I’ll call it Flora, I thought.
To my mind its behavior was erratic. Nonsensical. Yet, it could be predicted. Drumming my fingers on the window caused Flora to stop. Placing a pencil in its path caused it to change course. Dabbing the surface with honey resulted in a wandering trajectory, somehow leveraging pure chance to near ever closer.
I found myself thinking about what the world must be like for Flora. How the vastness of space and time shrink away to yield the here and now. How the world changes in a moment under the influence of a mythic other. How the complete and utter freedom to respond to a shifting world manifests in the mundane everyday. We found ourselves here, Flora and I, together for a brief moment in time. We found ourselves here for a reason. I sat mesmerized, transfixed as Flora’s ground slowly turned from blue to pink to a deep orange.
As our time together drew to an end, I placed my finger in front of Flora and it climbed aboard. We sat there in still and golden silence, reveling in our shared connection as Flora walked circles around my index finger. I held my breath and drew close, looking to glean a sense of personhood from Flora’s eyes. As if on cue, Flora suckled on the tip of my finger, a sign to the universe that there was something more. Something in between.
With that, our time was up. Flora departed.
I stared at the empty space where Flora had just been, my heart heavy with the knowledge that our ephemeral connection was now severed. I closed my eyes, trying to hold on to the memories of Flora's delicate movements and the warmth that had bloomed within me during our brief encounter.
This encounter weighed on me. Flora, an insignificant ant, had rendered the world in a way previously impossible. There was more depth in connection, more beauty in life, more sameness in the other.
I found myself pondering our encounter for days, the memory of Flora etched into my consciousness. The world around me seemed to shift subtly, as if I had glimpsed a hidden layer of reality. I walked through the streets, observing the people and creatures that inhabited the city, wondering how many undiscovered connections lay waiting beneath the surface like carrots before a harvester.
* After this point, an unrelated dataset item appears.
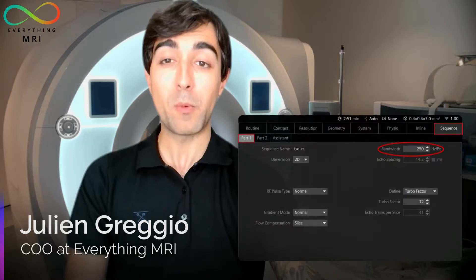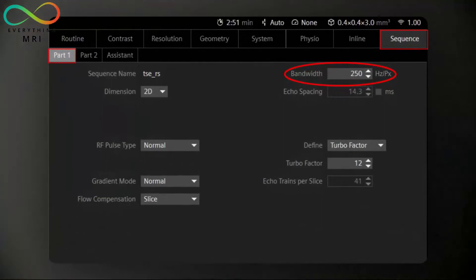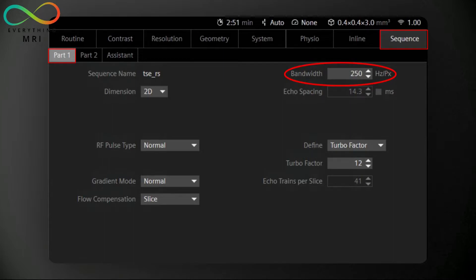Where can we find the bandwidth? In Siemens scanners, the bandwidth is located in the sequence tab under Part 1 — you can see it at the top right part of the screen. The scanner we are using is a 3 Tesla scanner. It's worth mentioning that at such a high magnetic field strength, a reduction of the bandwidth would bring a chemical shift increment roughly twice as high compared to 1.5 Tesla. Generally, most turbo spin echo sequences at 3T are saved with a bandwidth of 250 Hz/pixel, while at 1.5T this usually ranges between 130 and 190 Hz/pixel.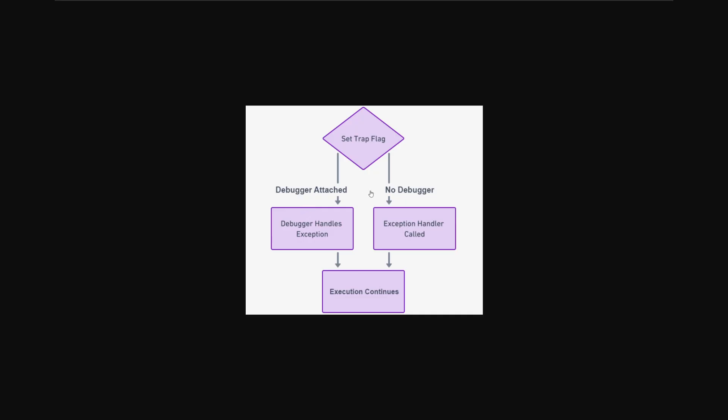But if the exception is thrown and no debugger is attached, then a normal exception handler will be called. So we can write code that will discern between the two. And if a debugger is attached, then we can act accordingly. After these handlers have finished, then the execution of the code is finished. So let's move on to how we can do this in practice.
As the days turned into weeks, I began to notice patterns. The way the wind carried the fallen leaves in a mesmerizing dance, or how the sunlight cast intricate shadows through the branches of trees. I felt drawn to these fleeting moments, their beauty and impermanence reflecting the essence of my time with Flora. I became an observer, attuned to the hidden connections that bound us all together.
One day, as I sat on a park bench, I spotted a ladybug scurrying along the edge of the seat. I extended my finger, allowing it to climb aboard, and watched as it explored the contours of my hand. Like Flora, it seemed to exist in a world all its own, and yet, its very presence seemed to bridge the gap between our separate realms.
I continued to seek out these encounters with the natural world, each time finding solace in the connection I shared with the creatures around me. But as the weeks turned into months, the memory of Flora began to fade. I longed for the clarity and connection I had felt with that tiny ant, and a part of me feared that I would never experience it again.
Then, one day, as I sat in the kitchen, I saw a familiar speck of life scurrying across the countertop. My heart skipped a beat as I realized it was Flora. It moved with the same gentle grace, traversing the ever-changing landscape that was our undone dishes.
I hesitated, unsure if I should interfere with its journey. But as I watched, Flora paused and turned towards me, as if aware of my presence. It seemed to beckon me, urging me to reach out and reconnect with the world it inhabited. I reached out as if Michelangelo’s God to Flora’s Adam. But, to my surprise, it hesitated. It seemed to recognize the intrusion, to sense that the once-innocent connection had been tainted by my longing for something more. Flora steered clear of my extended finger and wandered along, nearing ever closer to the plate of half eaten pancakes.